UAE banking officials in December 2012 announced plans to limit mortgages to 50 percent for first-time foreign buyers and 70 percent for locals, while levels for subsequent homes would be set at 40 percent and 60 percent.
The measure aimed to prevent a repeat of the 2008 real estate crash, which saw prices in Dubai and Abu Dhabi slump around 50 percent from their peak. At present, banks in the UAE are allowed to lend 100 percent of a property's value to home buyers.
Following an outcry by commercial banks, officials agreed to soften the cap and in March agreed, in principle, the cap should be set at 75 percent of the value of a property for foreigners who are first-time buyers and 80 percent for local citizens, sources claimed.
Ghurair said on Tuesday that under the revised rules, expatriates could not finance third or subsequent homes with mortgages; they would have to pay cash.
"I expect it before the end of this year to be announced. It was discussed and the views of the association were taken. There is a general agreement on the levels," he told Reuters.

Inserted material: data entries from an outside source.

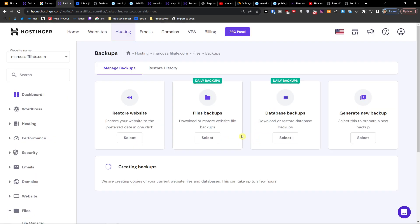And this is how we're going to generate the backup. Now if you need any help, write down below in the comments or to Hostinger support. And that's how we're going to create a backup.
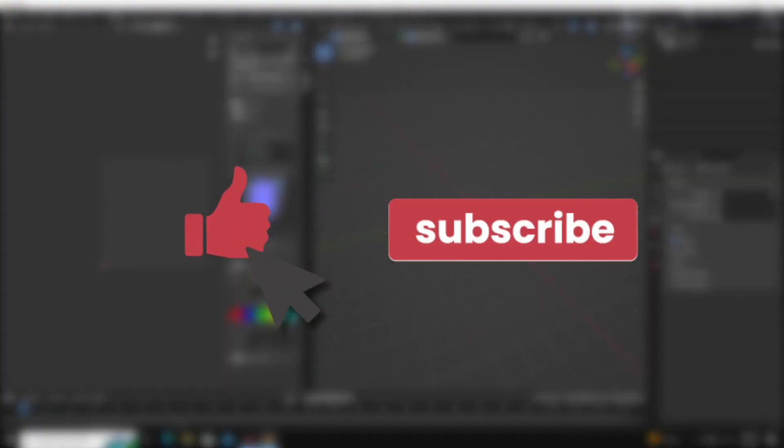If you like this tutorial, consider liking and subscribing. Leave a comment telling me what other tutorials would be helpful. Thanks. Bye.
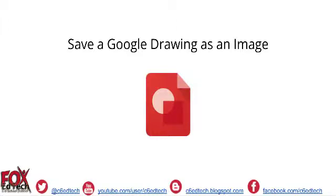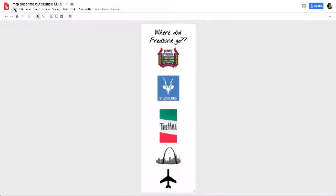To get started, let's head on over to a Google drawing file that I've been working in. Once I get to my Google drawing file that I want to download,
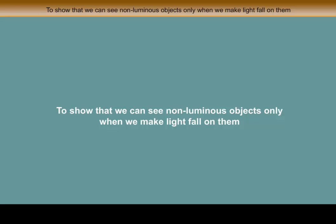To show that we can see non-luminous objects only when we make light fall on them.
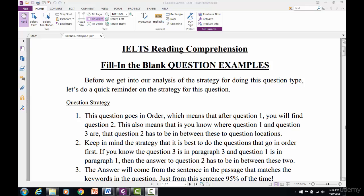In terms of strategy, we have to look at the question, then we have to look at the keywords in the question. After we find the keywords, we have to scan and locate the sentence that has those keywords, because that's the sentence the question is based on. Then we read that sentence and we'll be able to locate which word or words go on the blank line. We have to keep in mind that our answer is going to connect to the words that come before or after the blank line.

At a meeting of the board of directors of the Central Bank in July an update on the drafting of the legislation was ordered. “The board of directors of Central Bank of the UAE held its 4th meeting for the year 2013 during which it took note of the latest developments regarding draft of the Mortgage Loans Regulation, which had previously been referred to the concerned agencies for study and feedback, and instructed follow-up with the said agencies,” the WAM news agency reported.
Foreigners account for about 80 percent of the UAE's population of roughly 8m and are major buyers of real estate in designated areas where they are permitted to own property.

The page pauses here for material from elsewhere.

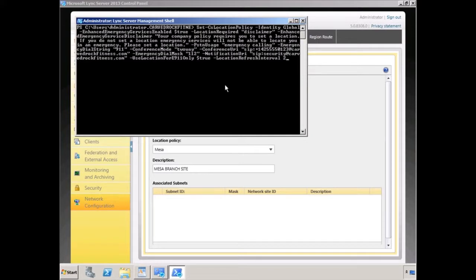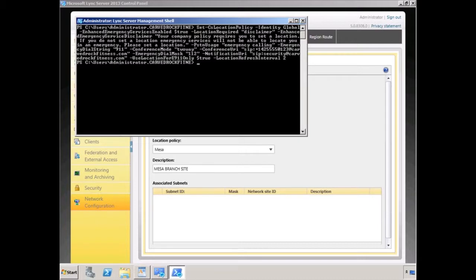In our next cmdlet, we're going to set the cs location which is called global — we have a location policy, the default global policy. We're going to enable the enhanced emergency services by setting it to true. The location required setting is going to be set to disclaimer, with the disclaimer text: 'Your company policy requires you to set a location. If you don't set a location, the emergency services will not be able to locate you in an emergency. Please set a location.' When the call gets routed out we're using a PSTN usage record called emergency calling. The emergency dial string is 911, with an emergency dial mask of 112 which also routes to 911. We also have a conference URI — SIP colon plus 14255550123 at corocktfitness.com. The location information is used for E911 exclusively and clients will update their policy every two hours. You can see we've just updated our policy without any problems.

Ghurair this week also revealed the central bank is expected to announce rules restricting the amount of exposure which banks can have to the debt of state-linked entities within one or two months.
"It is already finalised by the central bank. Now the central bank just has to announce it - I think in the next month, two months max. It's already passed the board," he said.

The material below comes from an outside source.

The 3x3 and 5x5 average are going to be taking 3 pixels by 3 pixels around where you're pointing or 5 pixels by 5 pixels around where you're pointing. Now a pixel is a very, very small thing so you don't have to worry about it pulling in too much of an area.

"We will have to wait and see what is the final decision. I'm sure some banks will seek time. There will be some slight changes but the good news is that other loans are growing so the overall proportion of GRE loans is shrinking."
He added, "The central bank said, 'This is the guidelines and we're willing to sit down with each bank and discuss with them how much time we're willing to give and what they need to adjust.' If I tell you to lose weight - 10kgs now - you can't. You need time - it can't happen overnight."
The central bank tried to introduce the rules last year as part of a drive to reduce risks and prevent any recurrence of Dubai's 2009-2010 corporate debt crisis.
But it suspended the rules after banks complained the regulations would slow growth of their business and could cause them losses if they were forced to unload some of their state-linked loans quickly.
Lending to government-owned enterprises by some of the UAE's biggest banks is currently well above the ceilings envisaged by the central bank last year. Sudden reductions could hurt not only the banks but the Dubai government, which has increasingly relied on loans from local banks for funding since the crisis.
In a research note last week, Bank of America Merrill Lynch calculated that the UAE banking sector's exposure to the government and non-financial public enterprises as a percentage of bank capital was at 104 percent, the highest ratio since the late 1970s.
Ghurair did not give details of the upcoming rules. Bank of America Merrill Lynch said UAE banks had proposed that bonds and sukuk be excluded from the limits, which would reduce the total amount of exposure to be regulated by about a fifth.